The Advertiser – Strong science, technology, engineering and maths abilities are becoming core skills in trade and technical jobs.
Bradley Sheridan, who heads up the STEM curriculum at St Patrick’s Technical College in Adelaide’s north, says the next generation of tradesmen and women will require a strong grounding in STEM skills to keep up with technological advances in trades.
He says, in particular, with the rise of defence industries in Adelaide, young trade and technical workers will be at the forefront of some of the most advanced technologies in the world.
“While we think of STEM skills being important for university-level careers, young people need to recognise that those skills are applicable across a vast range of careers and industries including in the trade and technical sector,” Sheridan says.
“At StPatsTech, we are working hand-in-glove with defence contractors – such as Century Engineering, PMB Defence and Saab Australia – to develop STEM skills within the vocational education space as part of the Australian Government’s $5.1m P-TECH Australia program.”

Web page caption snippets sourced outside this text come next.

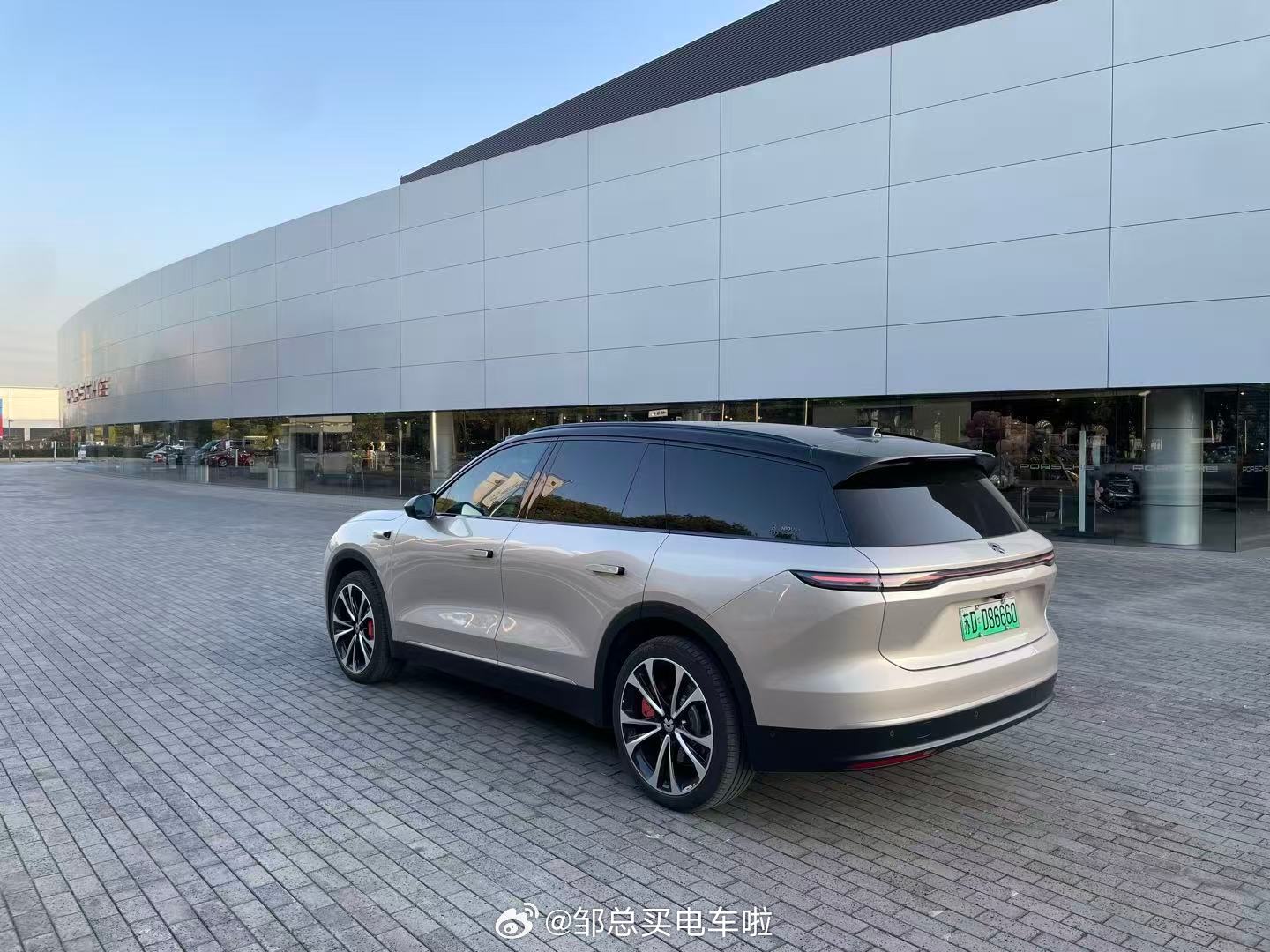 昨天发了盐城保时捷展厅变身蔚来三品牌综合体验中心的博文，有网友私信问我：为什么蔚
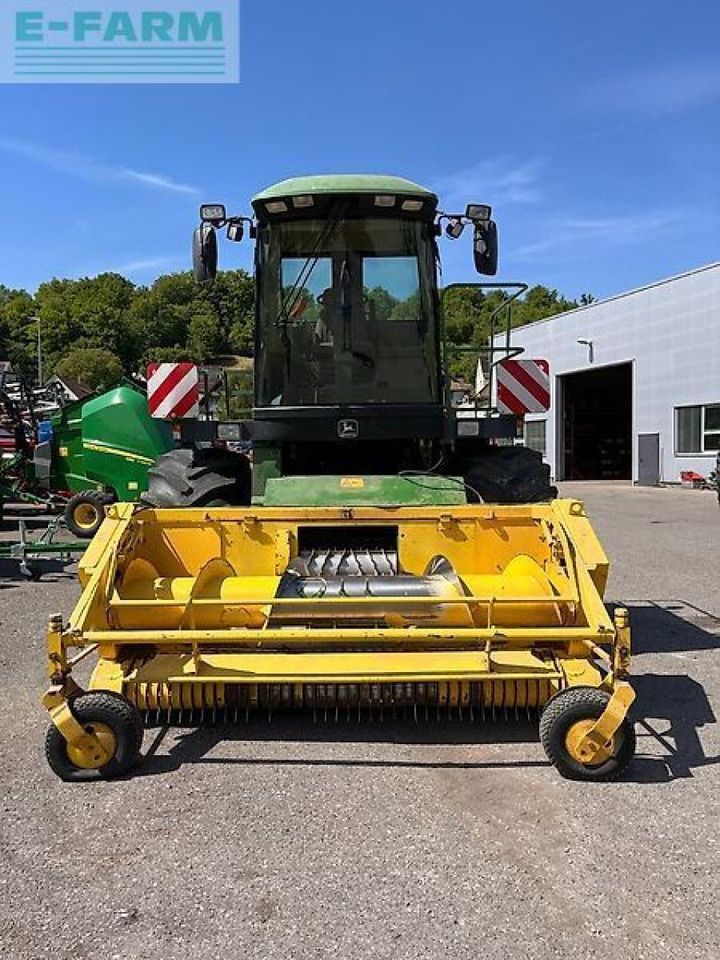 John Deere 6850 - Forage harvester: picture 4 John Deere 6850 - Forage harvester: picture 4
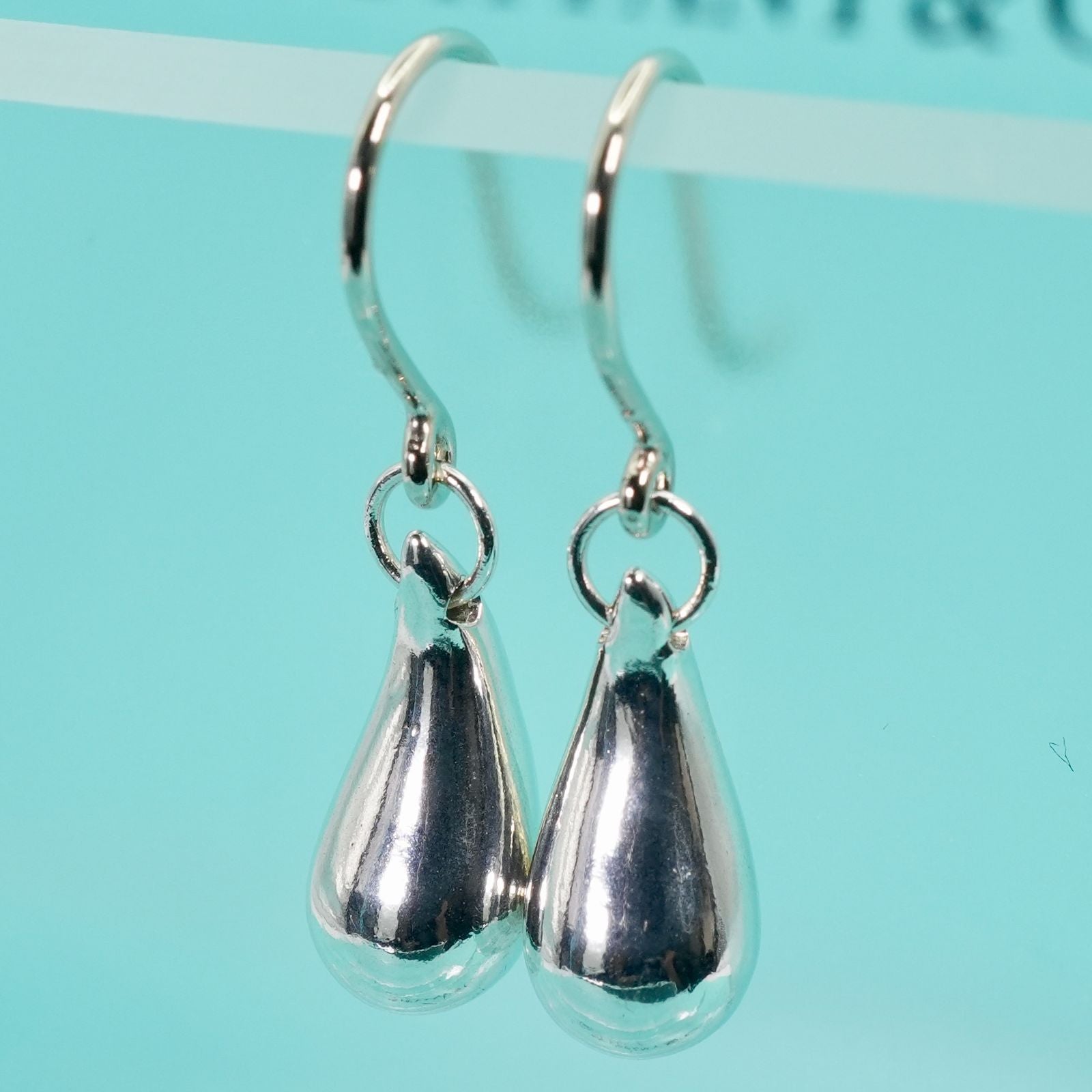 Tiffany Earrings (For Both Ears) /26-0450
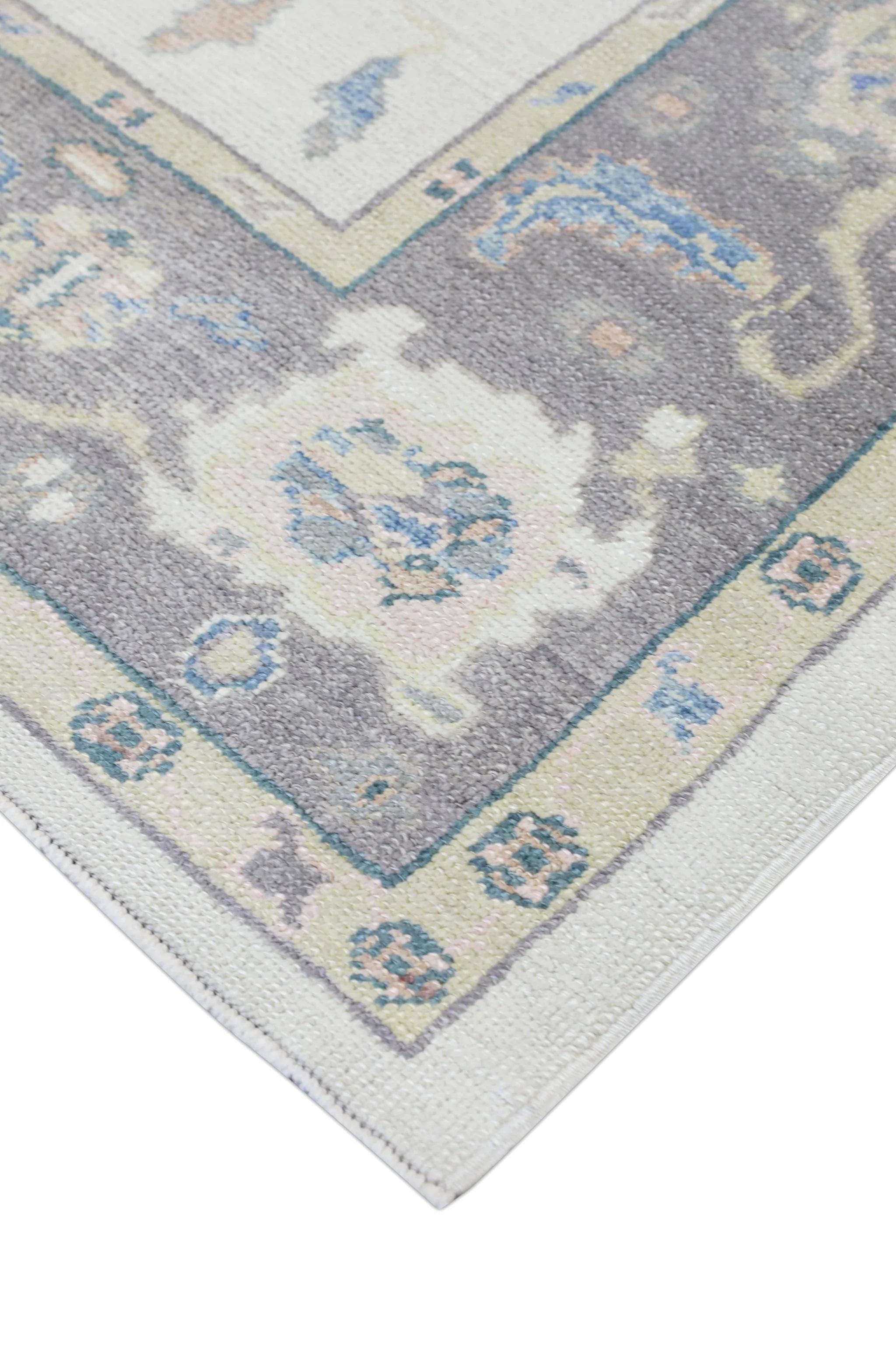 Türkischer Oushak-Teppich aus handgewebter Wolle in Blau und Lila in floralem Design 6'1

Sheridan says the College’s STEM program was also funded by the Advanced Technology Project which enables practical application of STEM skills. “We are a technical high school, with two-thirds of our students ending up in apprenticeships or traineeships post-Year 12, so we want to ensure all their learning has a practical application to their trade,” Sheridan says.
For example, students interested in becoming electricians and technicians investigate low-energy lighting, battery-management systems and carry out wind and solar experiments, while building and plumbing students look at sustainable housing technologies and developing solar water pumps.
Metals and engineering students work closely with Century Engineering to develop welding skills to the exacting Australian Standard.
St Patricks Technical College, at Edinburgh North, has helped more than 860 students gain an apprenticeship or traineeship since 2007. The college has five finalists in the Training and Skills Commission’s SA Training Awards.